Records shown: Begin

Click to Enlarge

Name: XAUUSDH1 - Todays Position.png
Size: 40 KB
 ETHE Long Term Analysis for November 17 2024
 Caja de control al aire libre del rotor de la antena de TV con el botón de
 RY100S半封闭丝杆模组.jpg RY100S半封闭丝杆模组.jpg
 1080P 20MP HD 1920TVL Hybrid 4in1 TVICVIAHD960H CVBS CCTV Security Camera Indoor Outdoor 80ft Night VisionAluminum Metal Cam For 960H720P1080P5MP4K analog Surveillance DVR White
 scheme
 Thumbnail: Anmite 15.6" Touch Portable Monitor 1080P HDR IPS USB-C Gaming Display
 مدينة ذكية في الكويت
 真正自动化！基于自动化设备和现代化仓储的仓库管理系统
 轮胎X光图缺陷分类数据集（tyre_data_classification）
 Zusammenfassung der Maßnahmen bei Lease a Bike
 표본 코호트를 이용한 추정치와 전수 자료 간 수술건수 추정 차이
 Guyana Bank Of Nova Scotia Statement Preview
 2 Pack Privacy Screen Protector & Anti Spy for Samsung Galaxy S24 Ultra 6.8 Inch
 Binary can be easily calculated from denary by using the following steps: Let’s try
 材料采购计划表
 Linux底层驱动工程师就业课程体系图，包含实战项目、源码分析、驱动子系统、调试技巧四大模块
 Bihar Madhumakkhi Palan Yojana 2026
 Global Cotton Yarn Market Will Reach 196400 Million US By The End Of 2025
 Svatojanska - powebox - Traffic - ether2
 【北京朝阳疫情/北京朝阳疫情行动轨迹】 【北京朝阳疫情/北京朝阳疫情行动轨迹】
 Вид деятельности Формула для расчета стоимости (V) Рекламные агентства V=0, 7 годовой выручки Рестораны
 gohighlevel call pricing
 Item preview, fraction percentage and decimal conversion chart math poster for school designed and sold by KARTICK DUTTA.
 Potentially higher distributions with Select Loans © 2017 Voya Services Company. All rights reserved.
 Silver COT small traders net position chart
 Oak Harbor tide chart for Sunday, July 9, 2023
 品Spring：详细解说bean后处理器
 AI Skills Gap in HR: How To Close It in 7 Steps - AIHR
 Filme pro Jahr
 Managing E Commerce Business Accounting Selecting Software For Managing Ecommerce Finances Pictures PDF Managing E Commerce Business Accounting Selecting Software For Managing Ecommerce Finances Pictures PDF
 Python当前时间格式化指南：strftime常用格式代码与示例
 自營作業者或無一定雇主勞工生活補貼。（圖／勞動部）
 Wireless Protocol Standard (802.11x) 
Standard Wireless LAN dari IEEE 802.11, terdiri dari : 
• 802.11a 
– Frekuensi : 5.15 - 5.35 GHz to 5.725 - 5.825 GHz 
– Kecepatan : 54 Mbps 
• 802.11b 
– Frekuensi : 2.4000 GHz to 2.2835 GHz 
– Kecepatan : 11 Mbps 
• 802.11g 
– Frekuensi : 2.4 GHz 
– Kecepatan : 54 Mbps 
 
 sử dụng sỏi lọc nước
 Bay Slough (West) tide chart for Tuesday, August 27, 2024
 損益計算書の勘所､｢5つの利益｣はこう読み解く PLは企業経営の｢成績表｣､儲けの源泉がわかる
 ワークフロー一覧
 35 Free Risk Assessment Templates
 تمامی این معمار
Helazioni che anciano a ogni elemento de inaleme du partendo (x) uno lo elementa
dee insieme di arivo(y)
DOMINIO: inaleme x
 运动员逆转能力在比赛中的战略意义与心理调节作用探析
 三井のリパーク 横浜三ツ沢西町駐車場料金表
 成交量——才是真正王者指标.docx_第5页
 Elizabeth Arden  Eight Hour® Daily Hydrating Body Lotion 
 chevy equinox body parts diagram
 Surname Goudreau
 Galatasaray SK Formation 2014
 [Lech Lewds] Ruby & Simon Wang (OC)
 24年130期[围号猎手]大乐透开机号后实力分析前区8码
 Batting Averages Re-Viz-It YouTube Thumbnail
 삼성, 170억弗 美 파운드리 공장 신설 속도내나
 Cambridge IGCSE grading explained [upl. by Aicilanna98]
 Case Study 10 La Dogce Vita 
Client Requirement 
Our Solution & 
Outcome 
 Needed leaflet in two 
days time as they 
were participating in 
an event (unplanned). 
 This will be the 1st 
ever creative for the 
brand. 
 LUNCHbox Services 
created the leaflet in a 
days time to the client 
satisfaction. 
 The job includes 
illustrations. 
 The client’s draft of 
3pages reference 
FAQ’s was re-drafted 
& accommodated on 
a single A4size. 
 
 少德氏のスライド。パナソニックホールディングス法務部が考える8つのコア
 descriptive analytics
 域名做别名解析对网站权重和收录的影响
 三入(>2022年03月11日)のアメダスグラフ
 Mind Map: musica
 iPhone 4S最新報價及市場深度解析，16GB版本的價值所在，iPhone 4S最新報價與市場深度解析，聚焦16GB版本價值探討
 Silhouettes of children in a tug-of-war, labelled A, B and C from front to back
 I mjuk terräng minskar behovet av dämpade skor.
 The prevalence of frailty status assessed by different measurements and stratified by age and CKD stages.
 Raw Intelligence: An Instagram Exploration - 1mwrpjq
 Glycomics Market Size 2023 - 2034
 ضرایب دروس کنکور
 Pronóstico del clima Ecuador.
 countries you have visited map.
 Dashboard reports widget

Records shown: End

#### [Problem to solve]
Among the records above, count the lines that include the word "tide" and state the number by itself.

#### [Answer box]
2